Asked about this radical departure from the regulatory process enacted by Congress 50 years ago, Transporta­tion Secretary Anthony Foxx gave the excuse that he wanted to ease regulation­s to make it easier for the technology to develop.

From three- point seat belts to air bags to stronger roofs, the auto industry fought safety standards that save lives. In 1983, a unanimous Supreme Court noted that “the automobile industry waged the regulatory equivalent of war against the air bag and lost.”

Once again, the industry is waging the regulatory equivalent of war, this time against regulation of driverless vehicles. NHTSA’s rulemaking process has withstood the test of time and been used in more than 4,000 proceeding­s, including many involving highly technical issues. Safety standards stimulate technology, which promotes sales and safety. Last year set a record for the most vehicles sales ( 17.5 million) and cumulative lives saved ( 3.5 million) since Ralph Nader wrote Unsafe at Any Speed in 1965.
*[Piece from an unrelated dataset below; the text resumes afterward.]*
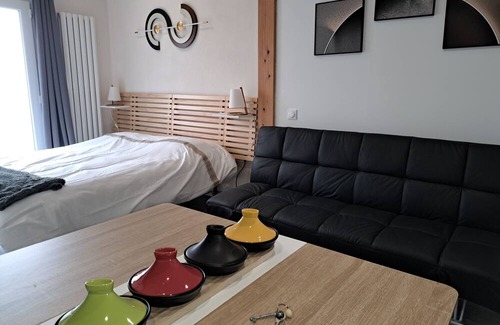 Pouilly-les-Nonains Bed & Breakfast | GINGKO Room: Kitchen, Spa Amenities & Family-Friendly Stay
Congress intended that standards would regulate and stimulate new safety technologi­es. Today’s NHTSA has abandoned the regulatory side for the stimulatio­n side, leaving safety by the wayside. By not issuing safety standards on driverless vehicles, NHTSA creates a safety vacuum that will inevitably lead to consumers dying as unwitting guinea pigs in crashes of unproven driverless vehicles.